## [TASK]
Output only the lines that run from the line holding "MOMO- high quality" to the end of the entries, both ends included, and skip the pictures.

## [EXTRACTED ENTRIES]
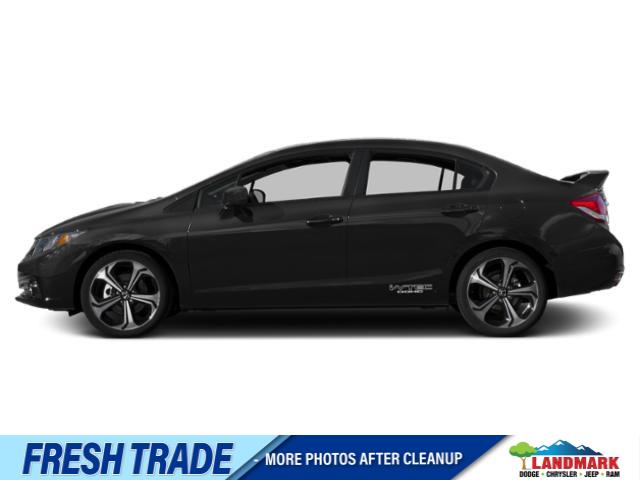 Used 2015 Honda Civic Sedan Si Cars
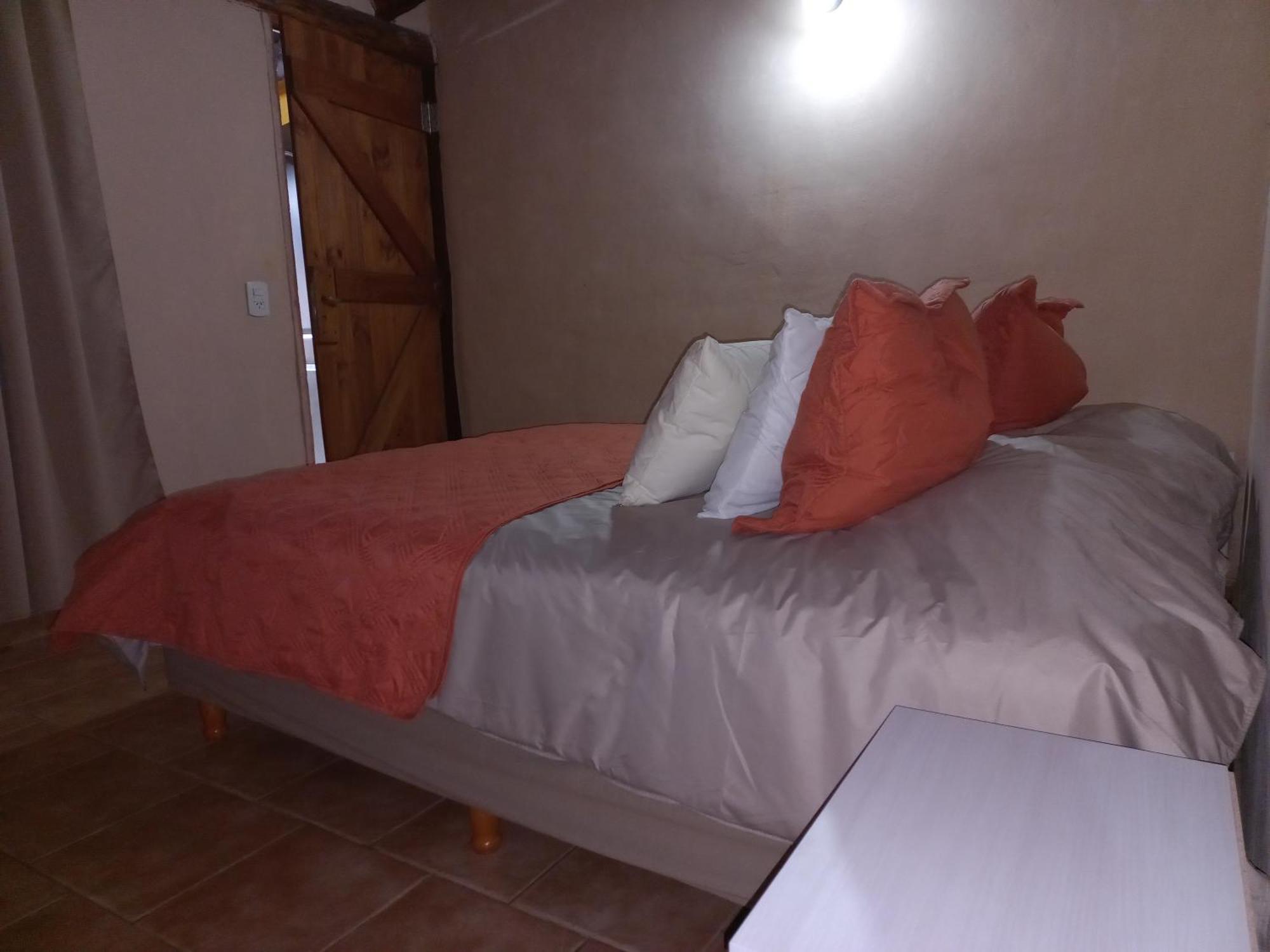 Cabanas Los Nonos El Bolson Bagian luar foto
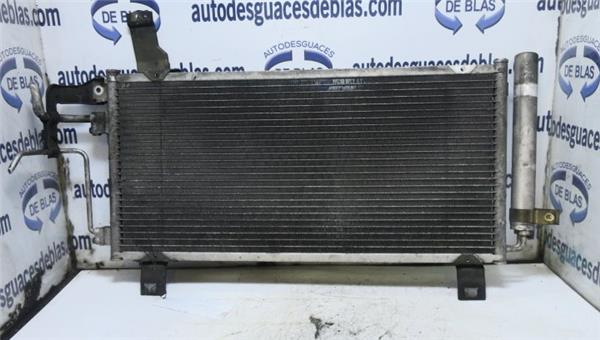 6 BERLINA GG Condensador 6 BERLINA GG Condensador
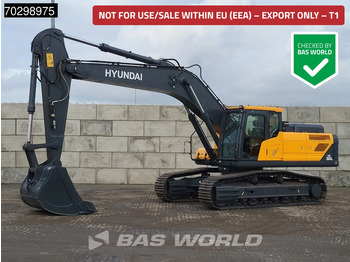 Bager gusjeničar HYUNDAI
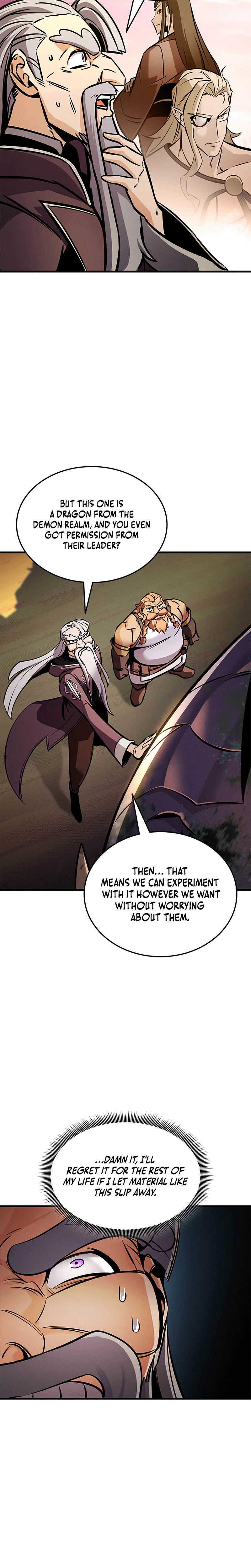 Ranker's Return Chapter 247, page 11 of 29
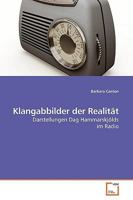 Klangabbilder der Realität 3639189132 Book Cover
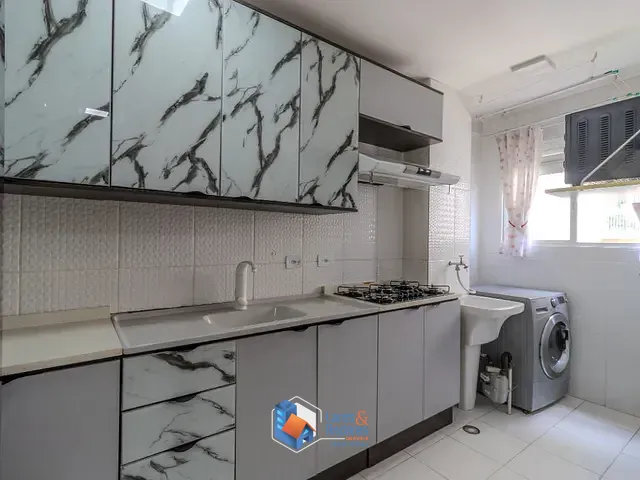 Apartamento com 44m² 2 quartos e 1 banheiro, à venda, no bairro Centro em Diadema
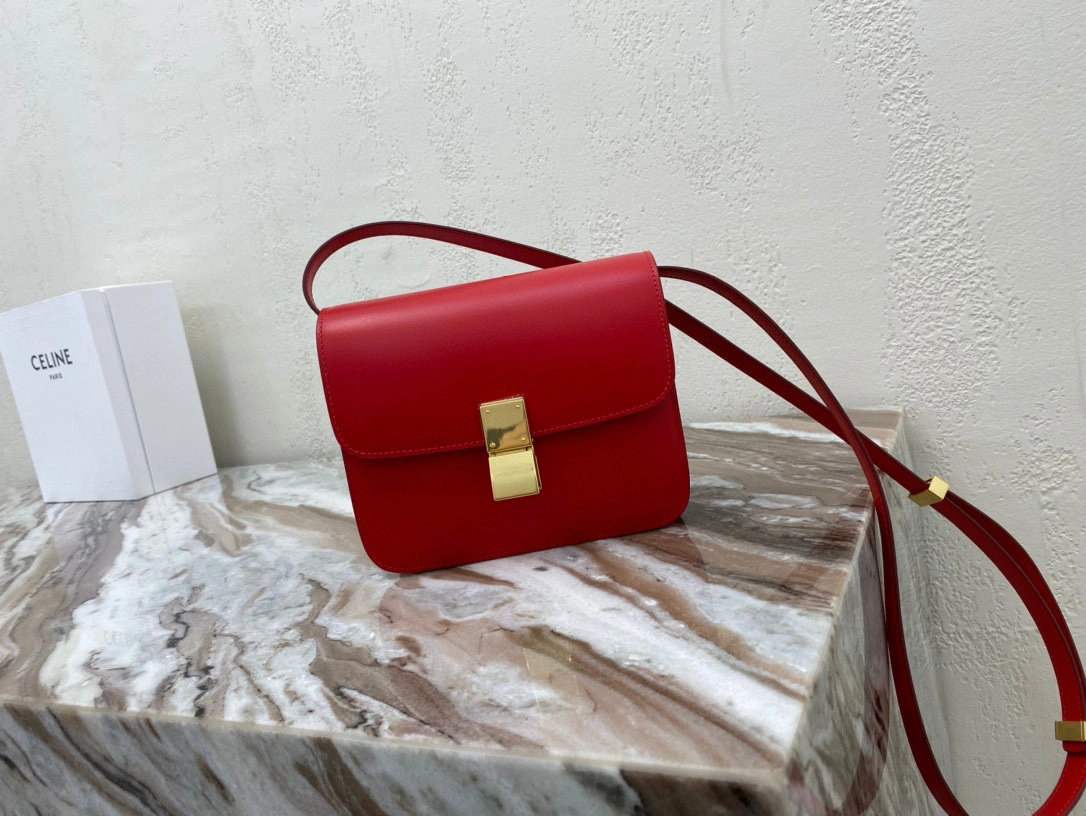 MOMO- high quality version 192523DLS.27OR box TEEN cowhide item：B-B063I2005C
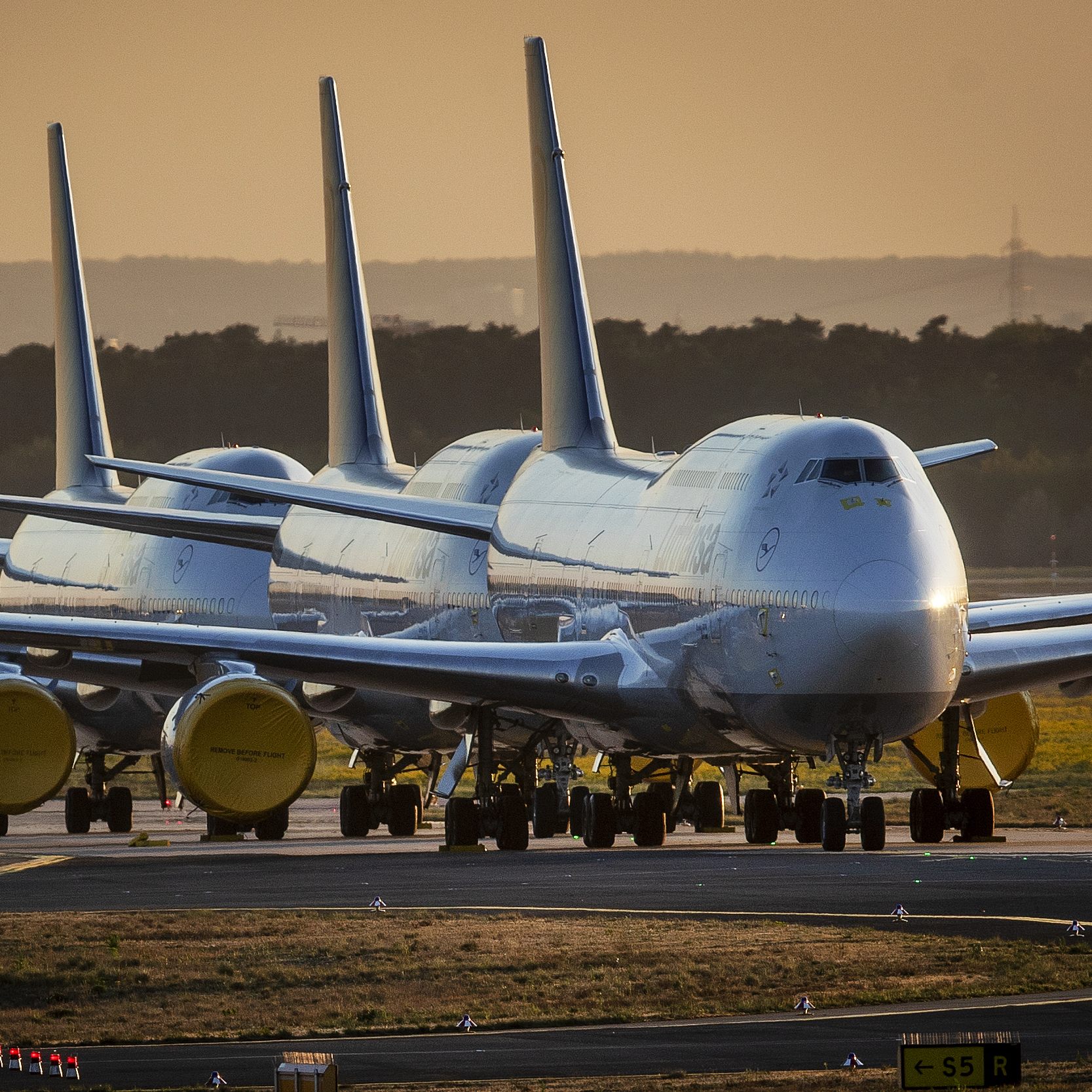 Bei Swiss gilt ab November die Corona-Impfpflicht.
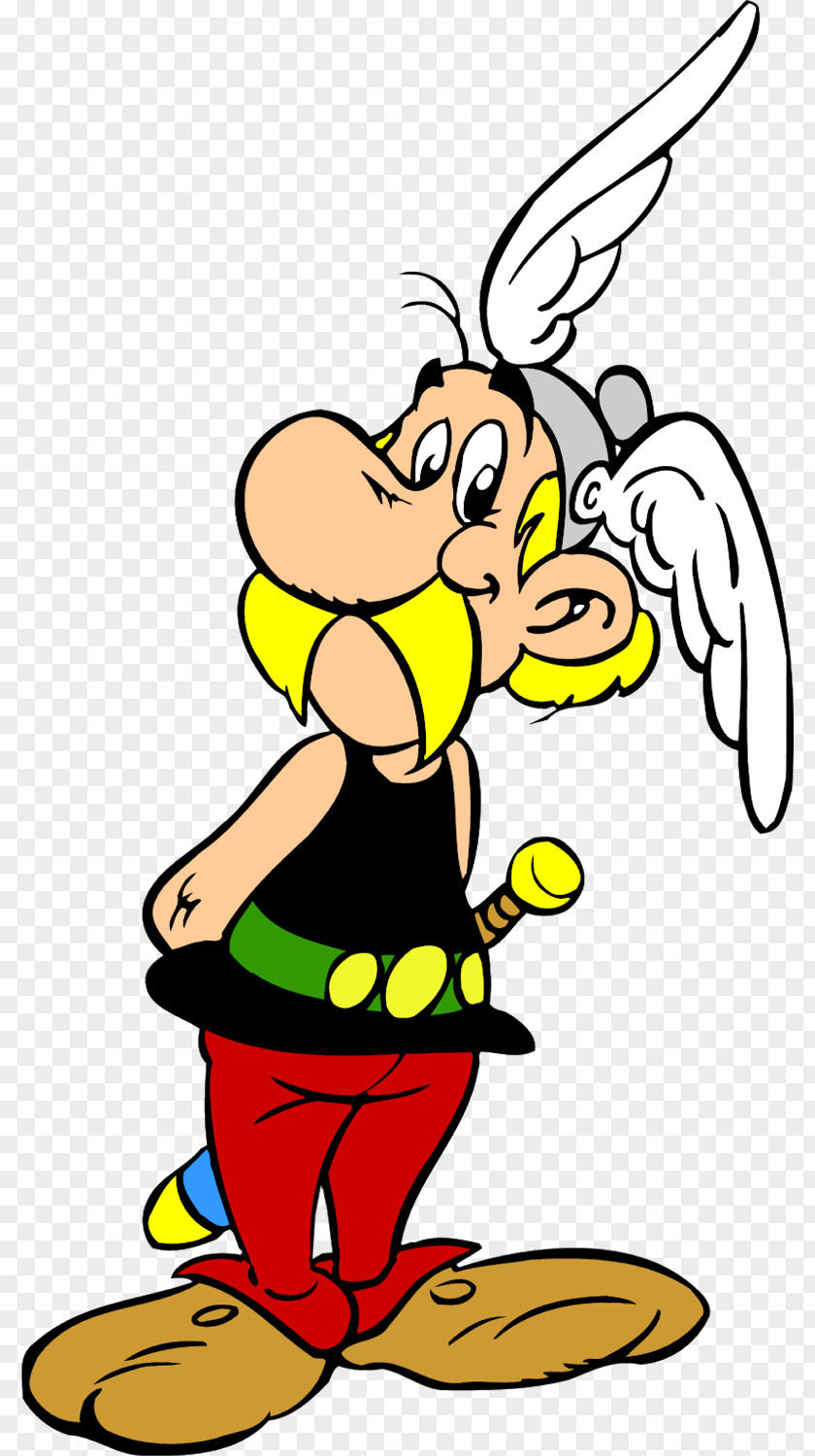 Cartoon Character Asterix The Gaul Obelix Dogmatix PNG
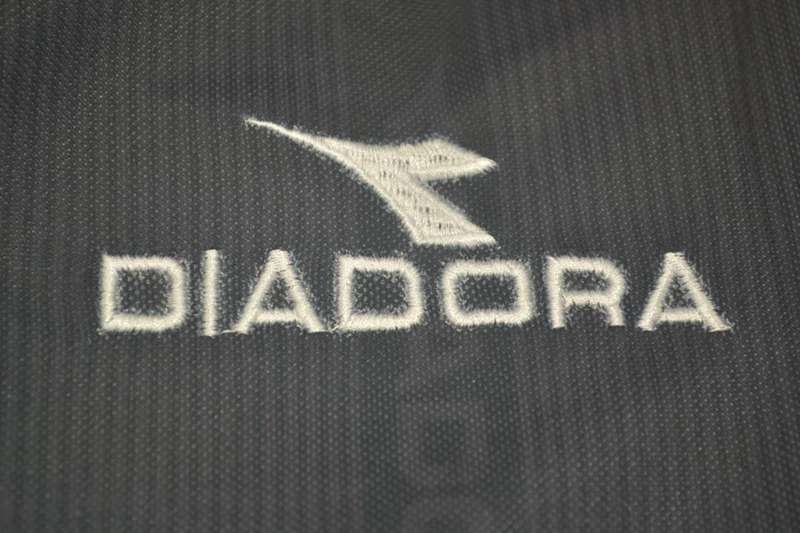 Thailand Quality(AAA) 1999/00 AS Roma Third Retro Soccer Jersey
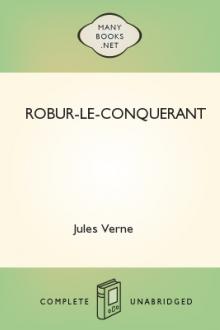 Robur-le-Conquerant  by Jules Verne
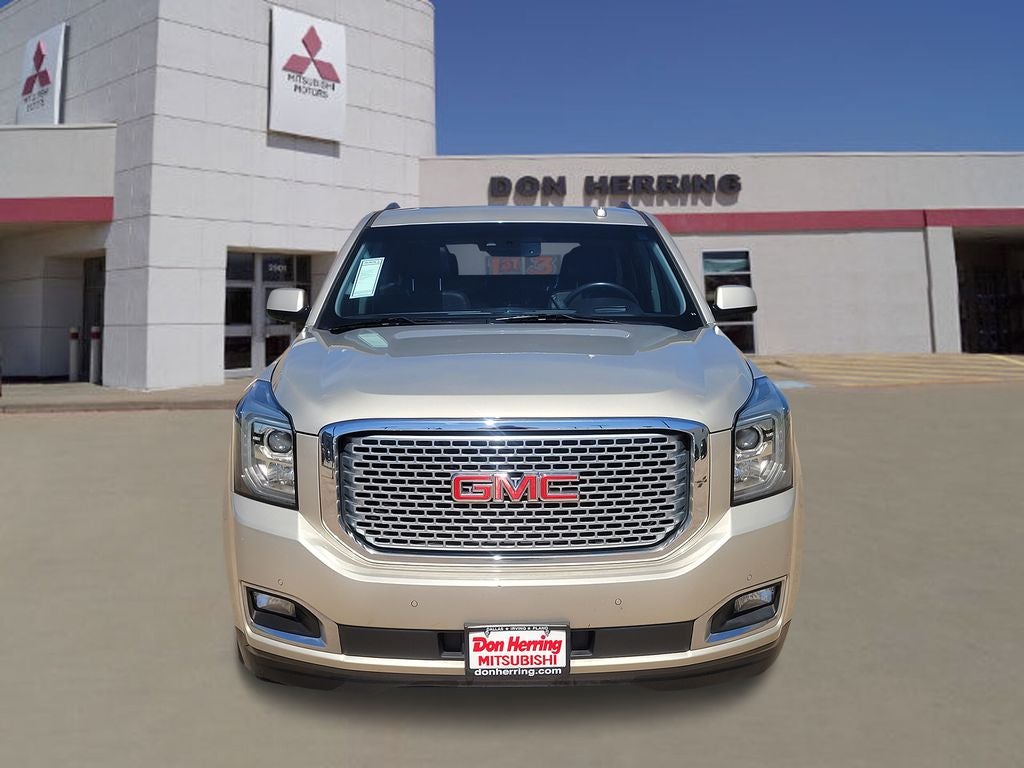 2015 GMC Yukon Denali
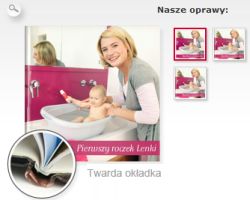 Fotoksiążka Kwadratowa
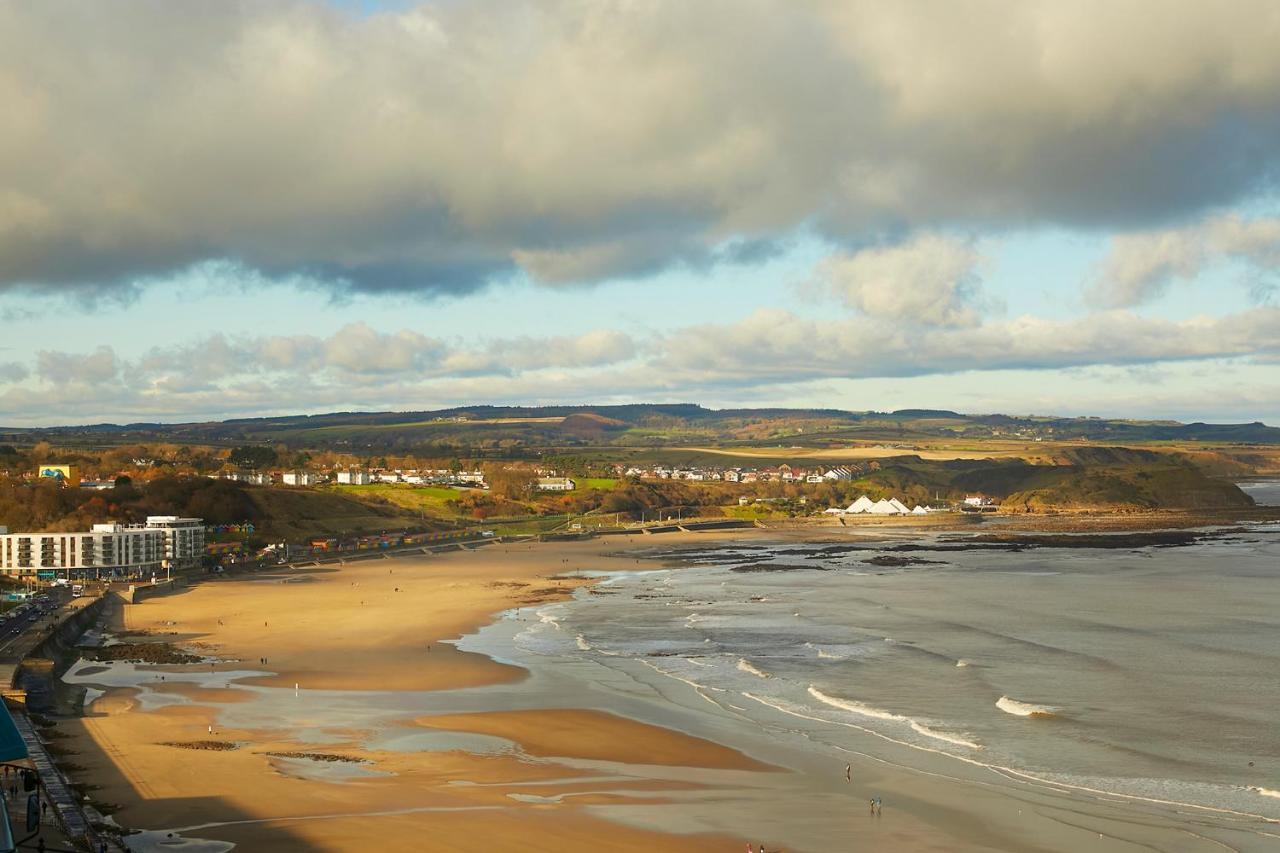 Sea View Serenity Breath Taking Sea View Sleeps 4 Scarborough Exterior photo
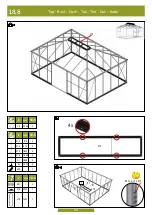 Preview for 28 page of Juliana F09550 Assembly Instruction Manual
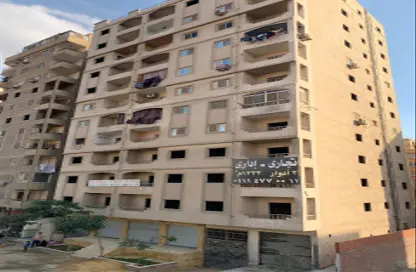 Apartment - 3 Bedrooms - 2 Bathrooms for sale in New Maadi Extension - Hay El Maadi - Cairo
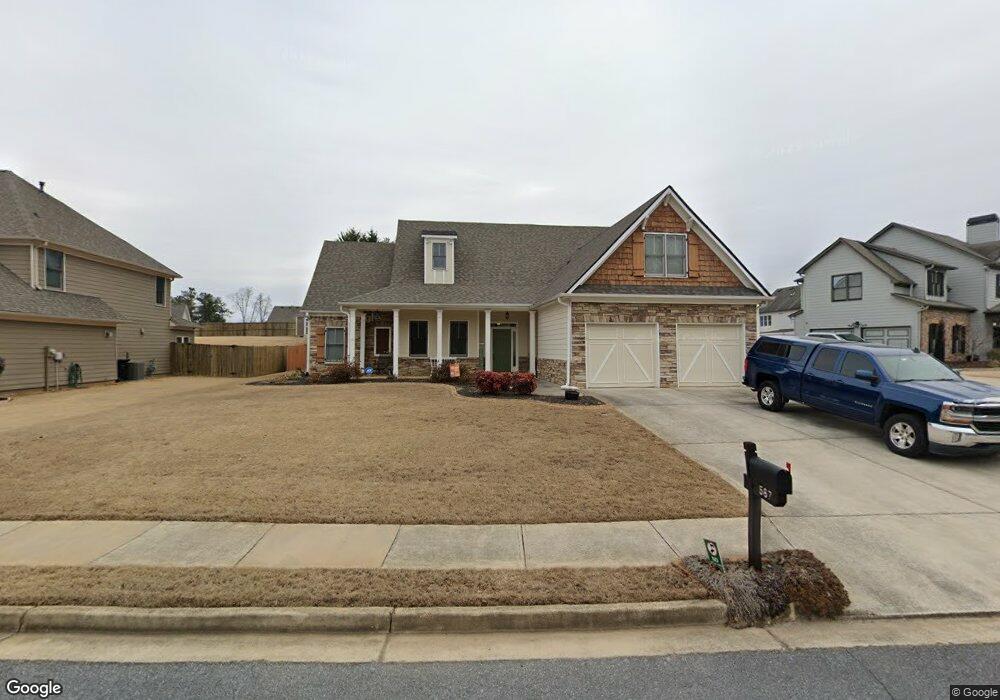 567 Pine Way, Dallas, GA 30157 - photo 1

## [REPLY TO THE EXERCISE]
 MOMO- high quality version 192523DLS.27OR box TEEN cowhide item：B-B063I2005C
 Bei Swiss gilt ab November die Corona-Impfpflicht.
 Cartoon Character Asterix The Gaul Obelix Dogmatix PNG
 Thailand Quality(AAA) 1999/00 AS Roma Third Retro Soccer Jersey
 Robur-le-Conquerant  by Jules Verne
 2015 GMC Yukon Denali
 Fotoksiążka Kwadratowa
 Sea View Serenity Breath Taking Sea View Sleeps 4 Scarborough Exterior photo
 Preview for 28 page of Juliana F09550 Assembly Instruction Manual
 Apartment - 3 Bedrooms - 2 Bathrooms for sale in New Maadi Extension - Hay El Maadi - Cairo
 567 Pine Way, Dallas, GA 30157 - photo 1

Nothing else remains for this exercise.